# Cineplex Airlie finally done



## apilon (May 18, 2006)

Not a great photograph so please excuse the picture quality


----------



## bambino (Feb 21, 2010)

Nice!:T


----------



## Prof. (Oct 20, 2006)

Nice looking printed panels on the back wall..What are they and how have you illuminated them?


----------



## makudon007 (Sep 14, 2010)

interior look nice

but with our equipment...i think u should be more manageable
i just can feel the nightmare if some cable connection went wrong plugged or 
loose the connection


----------



## apilon (May 18, 2006)

Prof. said:


> Nice looking printed panels on the back wall..What are they and how have you illuminated them?


They are wall light panel that my wife bought at IKEA they comes in red blue and brown


----------



## apilon (May 18, 2006)

makudon007 said:


> interior look nice
> 
> but with our equipment...i think u should be more manageable
> i just can feel the nightmare if some cable connection went wrong plugged or
> loose the connection


The equipment setup is temporary until we can find a better solution


----------



## leousm (Sep 16, 2010)

apilon said:


>


Love those panels in the back! :clap:


----------



## celica_pete21 (Aug 27, 2009)

Looks nice!

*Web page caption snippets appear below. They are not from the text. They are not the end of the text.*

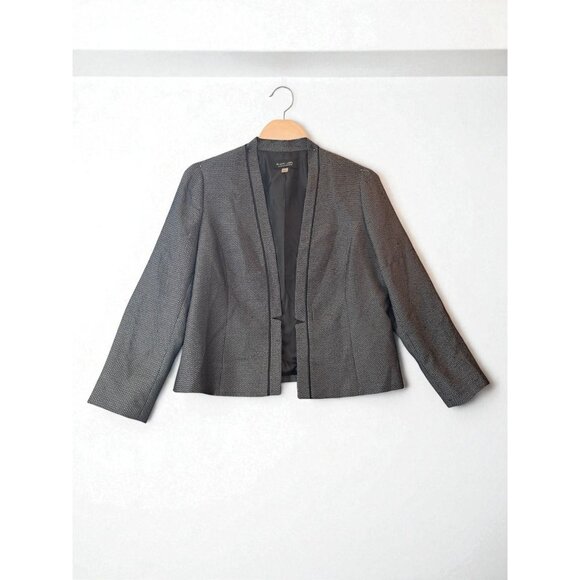 Women's Evan Picone Black Label Black/White Tweed Open Front Jacket - Picture 2 of 16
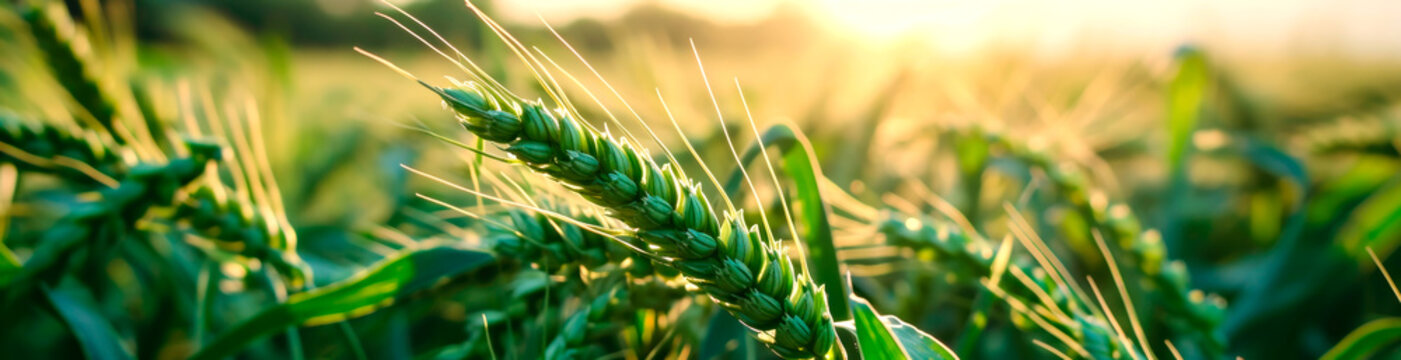 Macro close up of fresh ears of young green wheat in spring field. Agriculture scene. AI generated.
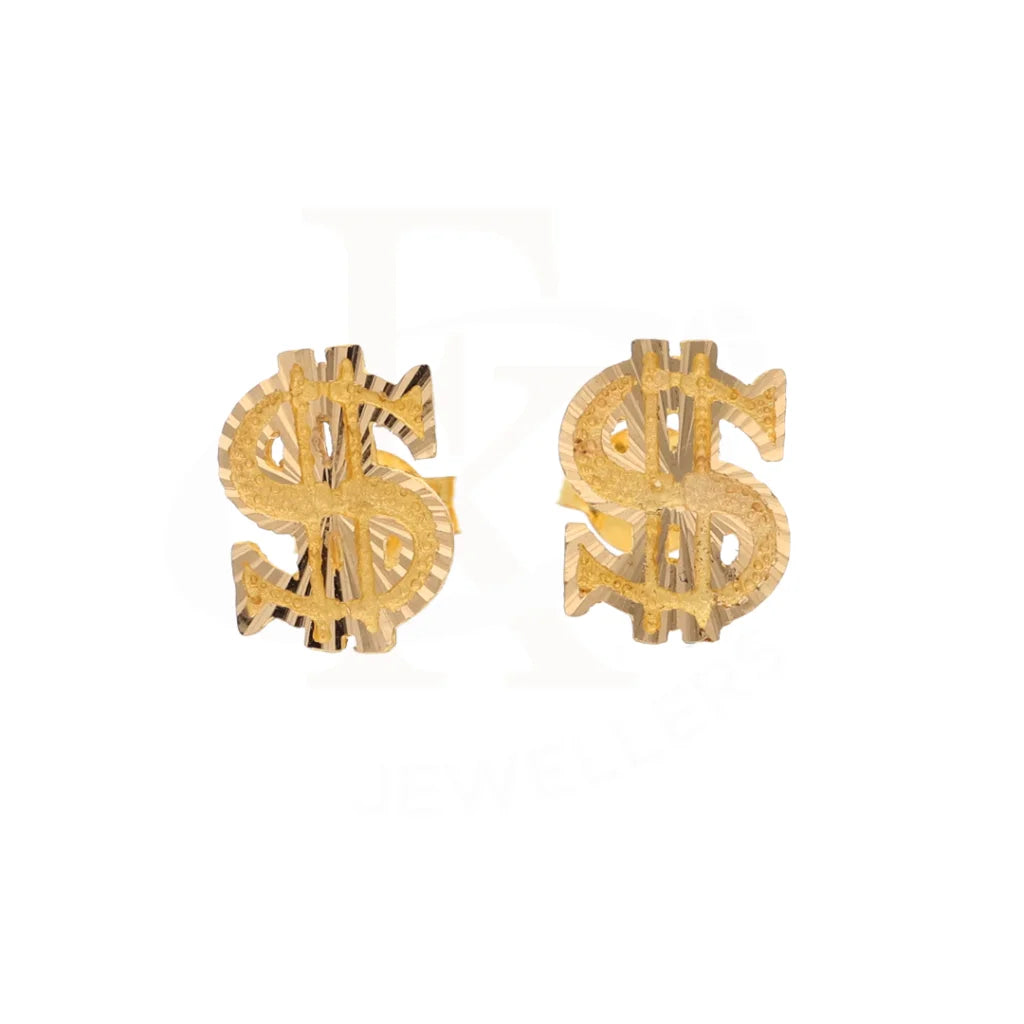 Gold Dollar Shaped Earring 21Kt - Fkjern21Km8468 Earrings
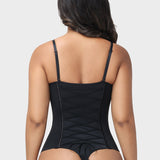Adjustable Strap Thong Bodysuit Lace Up Back Tummy Control Shapewear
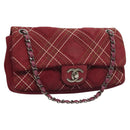 CHANEL Wild Stitch Chain Shoulder Bag Suede Bordeaux Silver CC Auth 127259-1
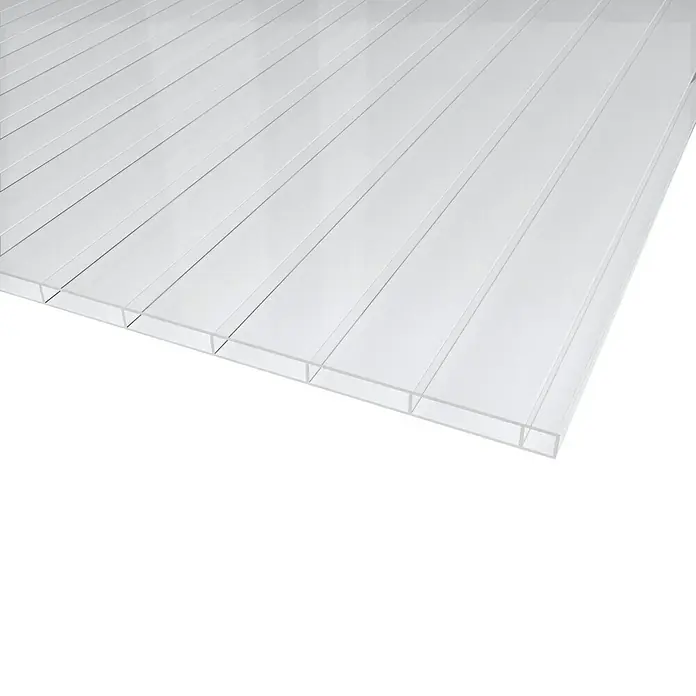 PLEXIGLAS® Acrylglas-Stegplatte Resist AAA SDP 16-64 - 3.000 x 1.200 x 16 mm, Acrylglas (PMMA), Transparent - Nahaufnahme einer klaren Polycarbonat-Stegplatte, die für ihre Lichtdurchlässigkeit und Strukturfestigkeit im Bauwesen verwendet wird.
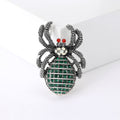 Textured Crystal Beetle Brooch in Clear Green or Red Stripes view 3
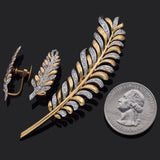 Vintage J Roca 18K Yellow Gold 0.68TCW Diamond Feather Brooch Pin & Earrings Set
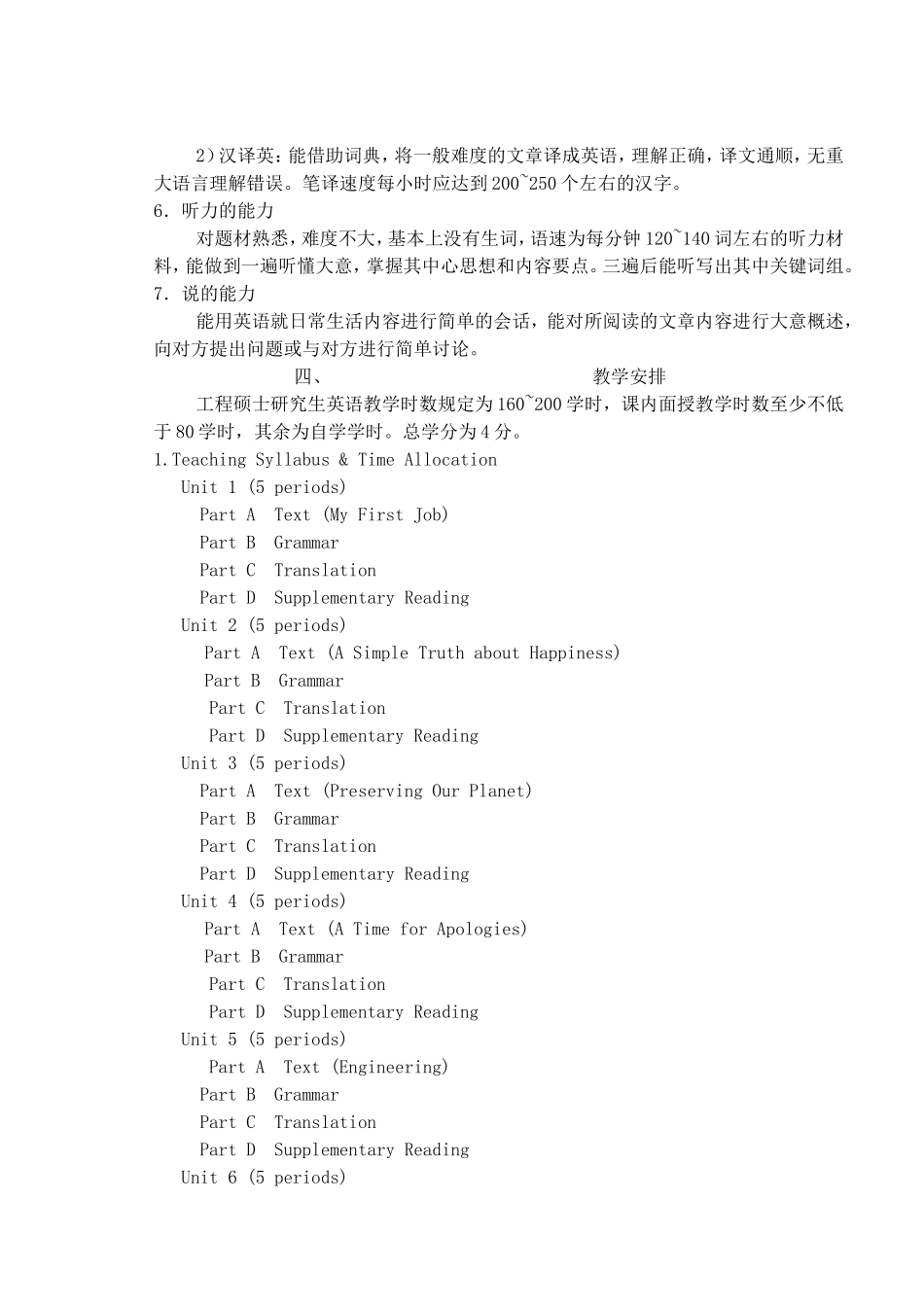 《工程硕士基础英语》教学大纲_第2页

Definitely like the wall panels too!


----------



## celica_pete21 (Aug 27, 2009)

Where did you hide the wires for those wall panels?


----------



## SAY IT LOUD (Jun 24, 2008)

Well first let me say LIFE WOULD BE VERY DULL AND BORING IF WE ALL HAD THE SAME TASTE! Now for me the rear panels are not my taste but each to their own and once your audio gear is neater it will look great. 
Buy some MDF and make yourself a custom lowline unit or av rack.


----------



## detector19 (Nov 3, 2010)

Very nice...


----------